Along with atomic fallout, the synthetic pesticides that came into wide use after World War II are the most dangerous substances man has ever created. The heart of the problem, science has shown, is the pesticides' unique capacity for disrupting critical biological processes like metabolism and cell division. Acute exposure can cause catastrophic systemic problems—paralysis, immune deficiency, sterility, etc.—and small doses repeated over time can lead to grave illnesses like cancer.
Carson attributes this radically disruptive potential to the distinctive molecular structure of synthetic pesticides. Part carbon, they mimic the substances that are crucial to life (enzymes, hormones, etc.) and so gain entrance to sensitive physiological systems. Once inside these vital systems, the elements to which the carbon is bound (chlorine and other deadly materials) wreak havoc on the organism.
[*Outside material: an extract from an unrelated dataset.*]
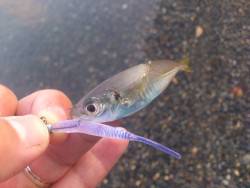 サーフライトゲーム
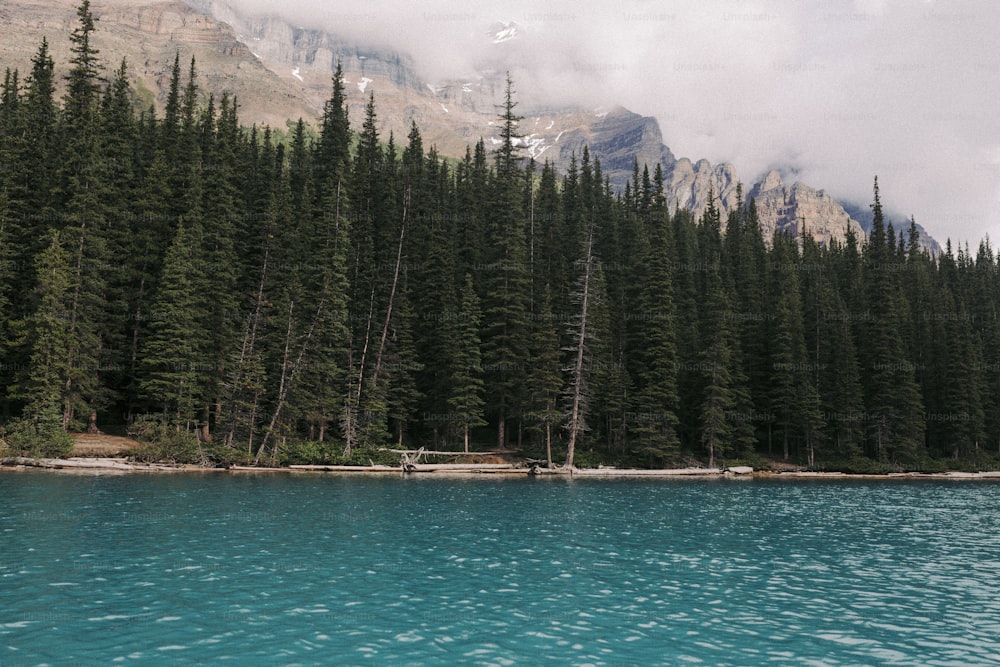 a body of water surrounded by trees and mountains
Two other properties that increase the hazard of pesticides are, first, the slow rate at which they break down and become less toxic, and, second, their tendency to accumulate in fat tissue. It is these characteristics that make even low-level exposure to pesticides so dangerous. A dose that is too small to cause immediate harm is stored in the body and remains active for a considerable period; with each subsequent exposure the cumulative ‘‘body burden’’ increases, and along with it the chance of serious illness. These properties also put species at the top of the food chain at special risk because they absorb large amounts of pesticide from the lower organisms they consume, a process called "biomagnification."
The Culture of Pesticides
Carson takes great pains to show that it is the imprudent use of pesticides, as much as their intrinsic properties, which makes them one of the worst health threats of the twentieth century. Dosing blankets with DDT, spraying densely populated neighborhoods from the air, and pouring pesticide into ponds to kill mosquitoes might have poisoned the planet if not for Silent Spring. From the vantage point of a more environmentally conscious age, it is difficult to understand how such practices could have been so popular. Years ahead of her time, Carson was dumbfounded.
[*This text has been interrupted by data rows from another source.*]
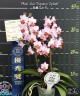 Phal. Liu's Triprince 'Splash' SM/TOGA 2.5'' УЦЕНКА (нет нижн. лист.)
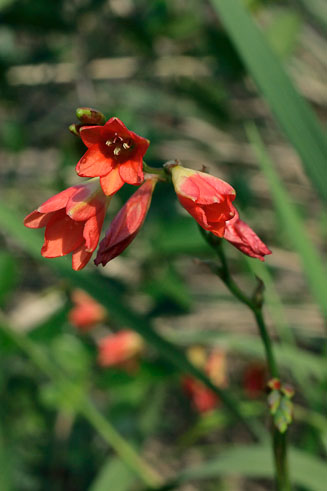 Tritonia disticha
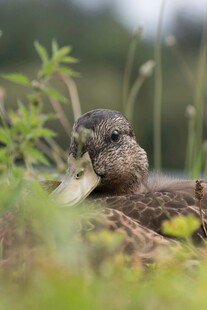 野鸭叼物于草丛间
As nearly as Carson could figure, mid-twentieth-century attitudes toward synthetic pesticides were warped by a trio of interacting forces: the chemical industry, government, and what she calls ‘‘Neanderthal science.’’ In calling science ‘‘Neanderthal,’’ she has two characteristics of contemporary methodology in mind. The first is the extraordinarily high degree of specialization. Knowledge might appear to advance at a faster pace along the narrow paths of modern research, but it has also become more fragmented; the entomologist developing a pesticide to control the hungry gypsy moth, for example, is unlikely to know much about the chemical's harmful effects on non-targeted organisms such as birds and fish. The second defect of science, especially in the applied areas, is its habit of conceiving problems in military terms, an outlook it shared to some degree with culture as a whole in the aftermath of World War II. Solutions are always seen to depend on exerting the greatest possible force over an "enemy." This logic expresses itself in pest management strategies that advocate applying the most lethal substances available in saturating quantities to eradicate entire species. As an alternative to the ‘‘total war’’ approach to solving problems, Carson proposes an approach that exploits the natural tendency of systems to seek balance; with a little help, it has been proven time and time again, the natural environment can solve its own problems cheaply, safely, and effectively. Silent Spring recounts some elegant, low-intensity, "biotic" interventions, such as cultivating certain plants to encourage species that compete with pests or introducing a pest-specific disease into a blighted area.
The second major culprit behind the overuse of pesticides is the chemical industry itself. The corporate giants use their enormous political leverage to co-opt government agencies and engage in large-scale disinformation campaigns to defuse growing public concern about synthetic poisons. To a certain degree, the short-sightedness of science described above is itself a product of industry influence: because pesticide makers are the largest funders of research in the field, most investigation tends to harmonize with corporate interests; hence the paucity of knowledge about the risks of synthetic chemicals and the limited effort to develop safer, "biotic" alternatives. It is worth noting that, as outrageous as the posture of the industry might appear to some, Carson eschews moralistic argument to make a case that is all the more compelling for its sheer pragmatism. Pesticide makers, she concedes, will always have as their sole concern the profitable sale of pesticides. But if it is absurd to expect them to take a broader view, she concludes, it is just as unreasonable to allow them any role in the process by which public policy on pesticides is determined, a process in which the primary concern must always be saftey.